Over time, several city walls of Paris were built :

From ancient times up to the twentieth century, Paris was always surrounded by walls, except for roughly a century between 1670 (date of the demolition of Louis XIII wall ordered by Louis XIV) and 1785 (date of the beginning of construction of the Farmers-General wall).

The purpose of these walls was to defend the town and protect people, but also, later, to assess taxes for goods sold in Paris (The Farmers-General Wall). Phillipe Auguste's wall marked the first time Paris had really been protected from attack in any substantial way, and allowed the town to both consolidate and expand, frequently to slightly more than could be contained by the existing walls.

As Paris grew, new houses were built inside the wall, but also outside the wall. After some decades, the wall was destroyed and the place of the wall rebuilt or transformed into a street or boulevard, with a new wall being built outside, including more houses and sometimes gardens or vegetable fields.

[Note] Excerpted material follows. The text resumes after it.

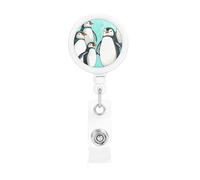 Bobine per badge retrattili con clip e portachiavi, divertenti e carine, con pinguini, porta badge per ufficio, dottore, infermiere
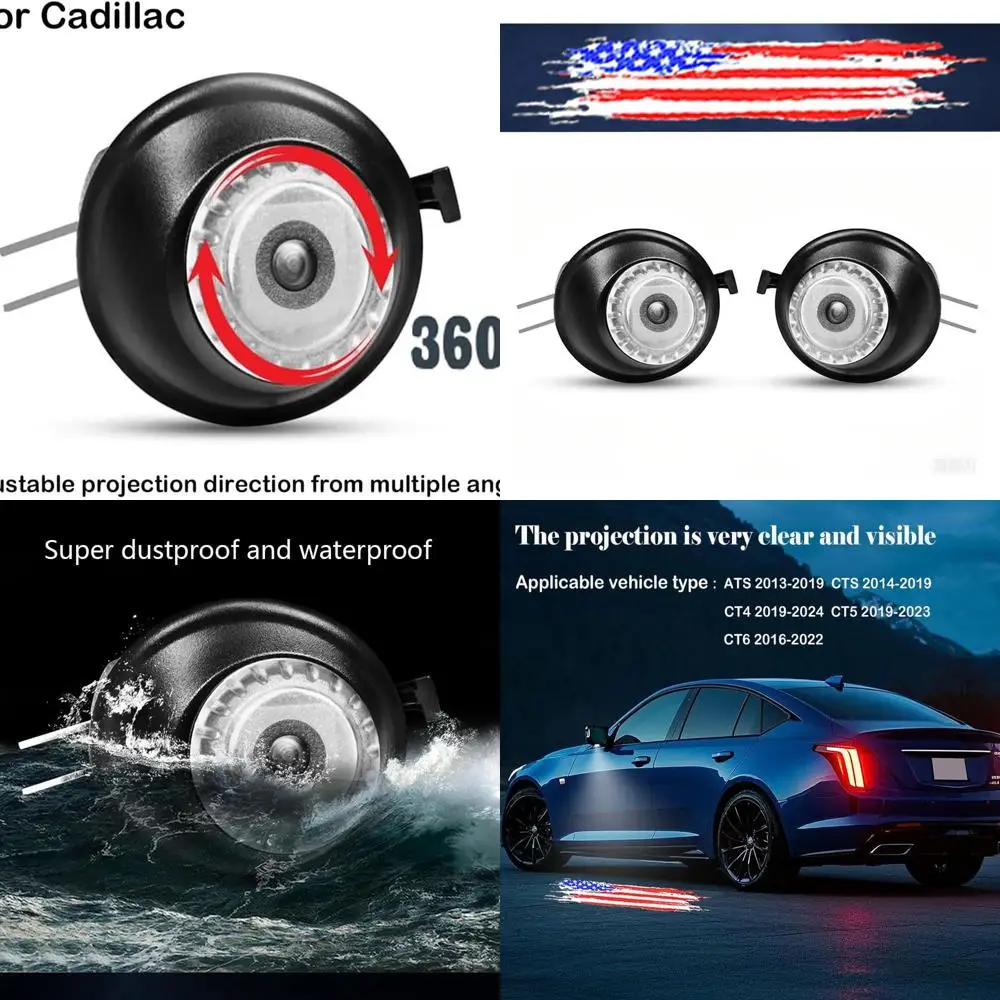 

Pair of Side Mirror Welcome Lights with 3D Shadow for Cadillac ATS, CTS, CT4, CT5, CT6 Models 2013-2024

Only a few traces of these walls survive - a few sections of the wall of Philippe Auguste and some pavilions of Claude Nicolas Ledoux parts of the Farmers General Wall. The main contribution to the layout of Paris made by the walls was that of the major streets and concentric boulevards:

The parallel streets, Rue de Cléry and Rue d'Aboukir in the second arrondissement, mark the placement of the wall built by Charles V.




Unless indicated otherwise, the text in this article is either based on Wikipedia article "City walls of Paris" or another language Wikipedia page thereof used under the terms of the GNU Free Documentation License; or on research by Jahsonic and friends. See Art and Popular Culture's copyright notice.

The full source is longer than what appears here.